Chapter 23: Maslow: Holistic-Dynamic Psychology

Part 1: Abraham Maslow

Maslow stands alongside Rogers as one of the founders of humanistic psychology.  Although he began his career working with two of the most famous experimental psychologists in America, he was profoundly influenced by the events that led into World War II.  He became devoted to studying the more virtuous aspects of personality, and he may be viewed as one of the founders of positive psychology. Well-known primarily for his work on self-actualization, Maslow also had a significant impact on the field of management.  His fame in both psychology and business makes him a candidate for being perhaps the best-known psychologist of all time (Freud is certainly more famous, but remember that he was a psychiatrist). According to Maslow, his holistic-dynamic theory of personality was a blend of theories that had come before his:

This theory is, I think, in the functionalist tradition of James and Dewey, and is fused with the holism of Wertheimer, Goldstein, and Gestalt psychology, and with the dynamicism of Freud, Fromm, Horney, Reich, Jung, and Adler.  This integration or synthesis may be called a holistic-dynamic theory. (pg. 35; Maslow, 1970)

Brief Biography of Abraham Maslow

Abraham H. Maslow was born on April 1, 1908 in Brooklyn, New York.  Abraham was the first of seven children. His father, Samuel, had left Kiev, Russia at just 14 years old.  When Samuel Maslow arrived in America he had no money and did not speak English. Samuel Maslow spent a few years in Philadelphia, doing odd jobs and learning the language, before moving to New York City where he married his first cousin Rose and began a cooperage business (a cooper builds and repairs barrels).  Samuel and Rose Maslow did not have a happy marriage, and Abraham Maslow was particularly sensitive to this fact. Maslow resented his father’s frequent absences and apparently hated his mother. His mother was a superstitious woman, who severely punished Maslow for even minor misbehavior by threatening him with God’s wrath.  Maslow developed an intense distrust of religion, and was proud to consider himself an atheist (Gabor, 2000; Hoffman, 1988; Maddi & Costa, 1972).

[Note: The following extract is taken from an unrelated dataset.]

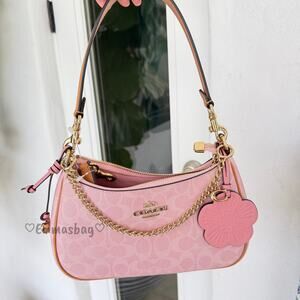 Coach Teri Shoulder Bag In Signature Canvas With Charms CEA20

Maslow’s childhood was no better outside the home.  During his childhood, anti-Semitism was rampant in New York.  Many teachers were cruel, and he overheard them say nasty things about him.  He had no friends, and there were anti-Semitic gangs that would find and beat up Jewish children.  At one point he decided to join a Jewish gang for protection, but he didn’t have the “right” attitude:

I wanted to be a member of the gang, but I couldn’t: they rejected me because I couldn’t kill cats…We’d stake out a cat on a [clothesline] and stand back so many paces and throw rocks at it and kill it.  And the other thing was to throw rocks at the girls on the corner. Now I knew that the girls liked it, and yet I couldn’t throw rocks at girls and I couldn’t kill cats, so I was ruled out of the gang, and I could never be the gangster that I wanted to become. (pg. 4; Maslow, cited in Hoffman, 1988)

This is a black and white photo taken in 1908 of six boys hanging around outside on the sidewalk. There are two boys sitting on the ground drawing with chalk.
Image Source: LC-DIG-nclc-04448 Boys Playing Hine. (2003, March 6). Game of craps. Retrieved from https://www.flickr.com/photos/67331818@N03/8549416650. Licensed under CC-BY-2.0.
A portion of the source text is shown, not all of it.